__Task directions__.
Leaving every image behind, reproduce the records word for word.

__Provided information__.
________

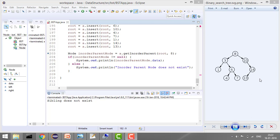Our logic is: start from the root and keep traversing. Whenever we move left, we store the current node as the inorder parent candidate, then move left. But if we are moving right, we won't store the value, because the right value is always greater — it can't be our inorder parent. We store the value only when moving left.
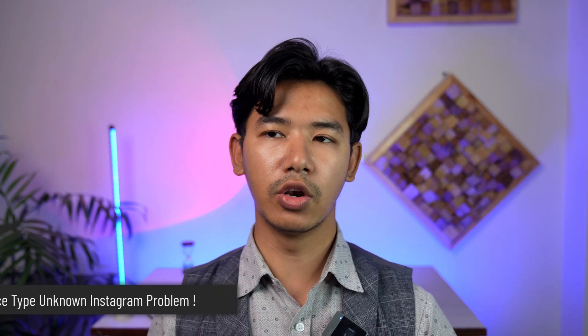Hey everyone, welcome to our channel. In today's video, I'm going to guide you through the steps on how to solve the device type unknown problem on Instagram.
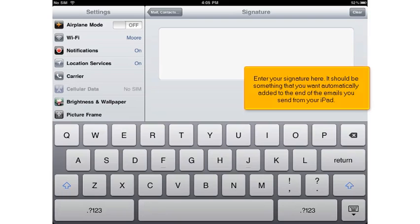Enter your signature here. It should be something that you want automatically added to the end of the emails you send from your iPad.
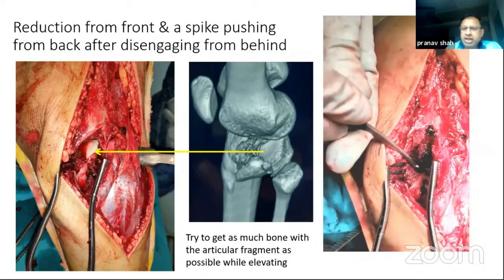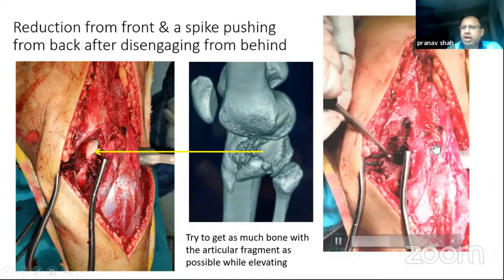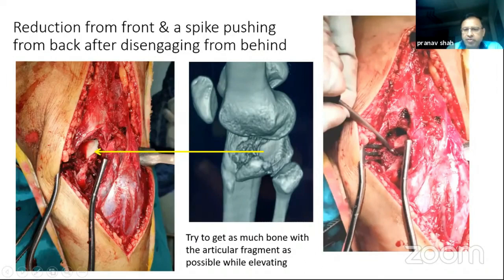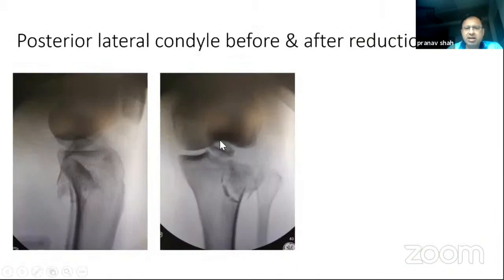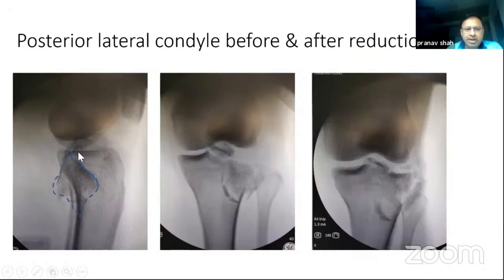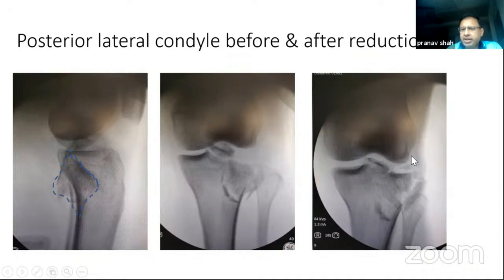Importantly, hardly any periosteum has been erased from the anterolateral fragment. On the post-reduction X-ray compared to pre-surgery, you can see the intercondylar fragment has been slightly repositioned. In the AP view, you can see the perfect profile of the posterolateral fragment and the lateral condyle fragment, and you can even make out the margins of the meniscus.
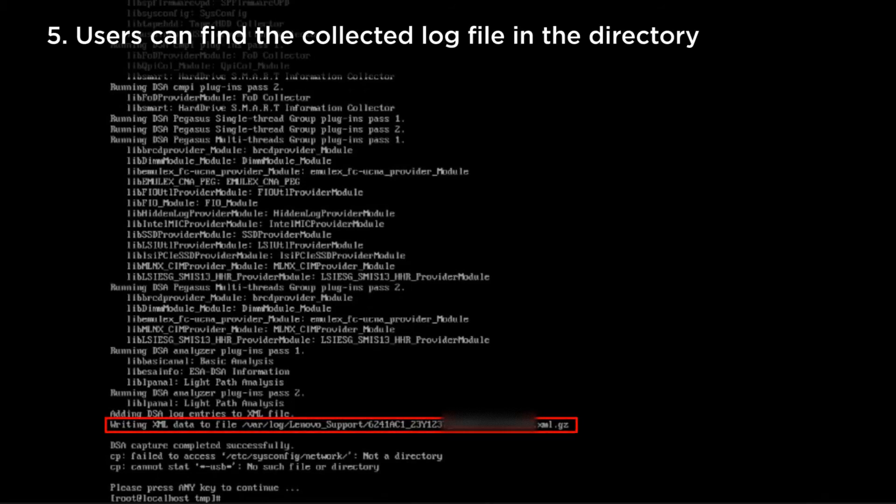When the collection is complete, users can open HTML output log files from the DSA output folder in the Lenovo support directory.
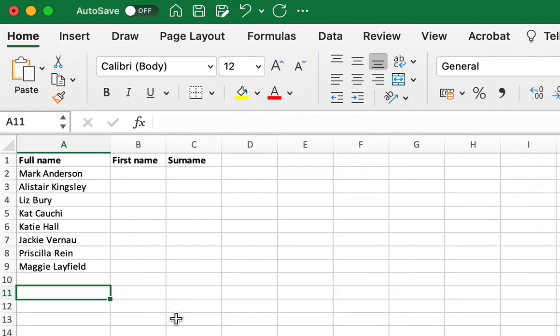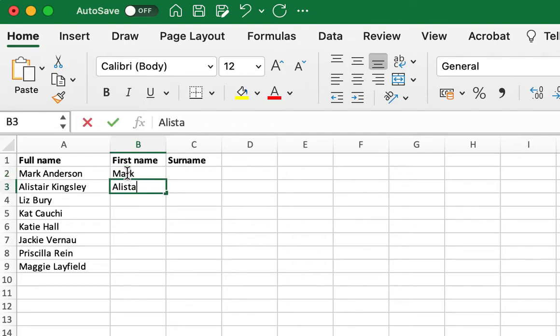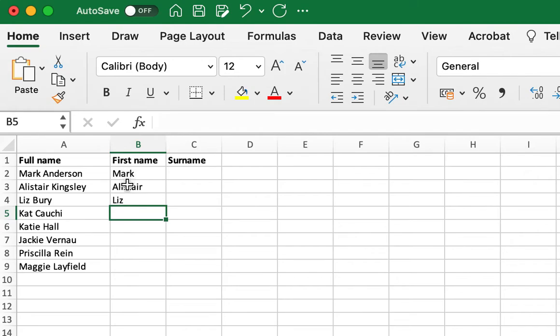This little tip goes to the power of knowing your software that you use on a regular basis well, and the features and functionalities that are built into it. Because if I wanted to separate out all of these, you might think the quicker way to do it is to sit here and manually type all these names in here over and over again, but it's not.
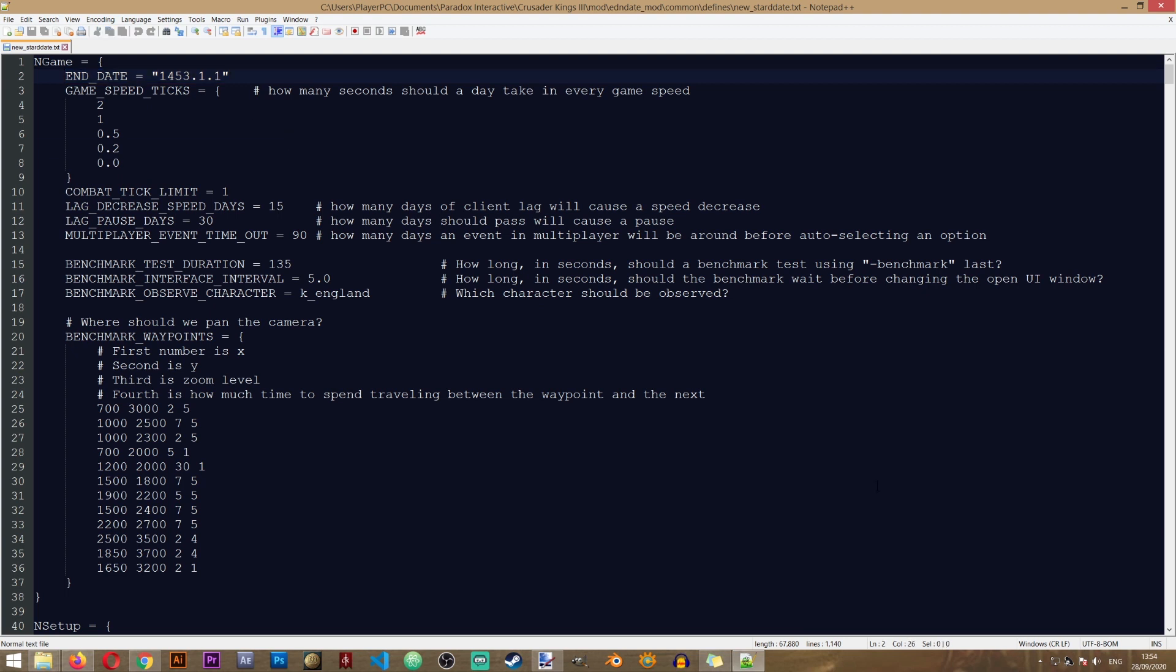So we can change the end date right here, but if you want to increase the compatibility of your mod that changes the end date, it's best to create just one entry that changes this, and the rest of the entries will be read from the original game in case Paradox updates Crusader Kings 3, and then the two files will not clash.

________

__Response to the exercise__.
Our logic is: start from the root and keep traversing. Whenever we move left, we store the current node as the inorder parent candidate, then move left. But if we are moving right, we won't store the value, because the right value is always greater — it can't be our inorder parent. We store the value only when moving left.
Hey everyone, welcome to our channel. In today's video, I'm going to guide you through the steps on how to solve the device type unknown problem on Instagram.
Enter your signature here. It should be something that you want automatically added to the end of the emails you send from your iPad.
Importantly, hardly any periosteum has been erased from the anterolateral fragment. On the post-reduction X-ray compared to pre-surgery, you can see the intercondylar fragment has been slightly repositioned. In the AP view, you can see the perfect profile of the posterolateral fragment and the lateral condyle fragment, and you can even make out the margins of the meniscus.
When the collection is complete, users can open HTML output log files from the DSA output folder in the Lenovo support directory.
This little tip goes to the power of knowing your software that you use on a regular basis well, and the features and functionalities that are built into it. Because if I wanted to separate out all of these, you might think the quicker way to do it is to sit here and manually type all these names in here over and over again, but it's not.
So we can change the end date right here, but if you want to increase the compatibility of your mod that changes the end date, it's best to create just one entry that changes this, and the rest of the entries will be read from the original game in case Paradox updates Crusader Kings 3, and then the two files will not clash.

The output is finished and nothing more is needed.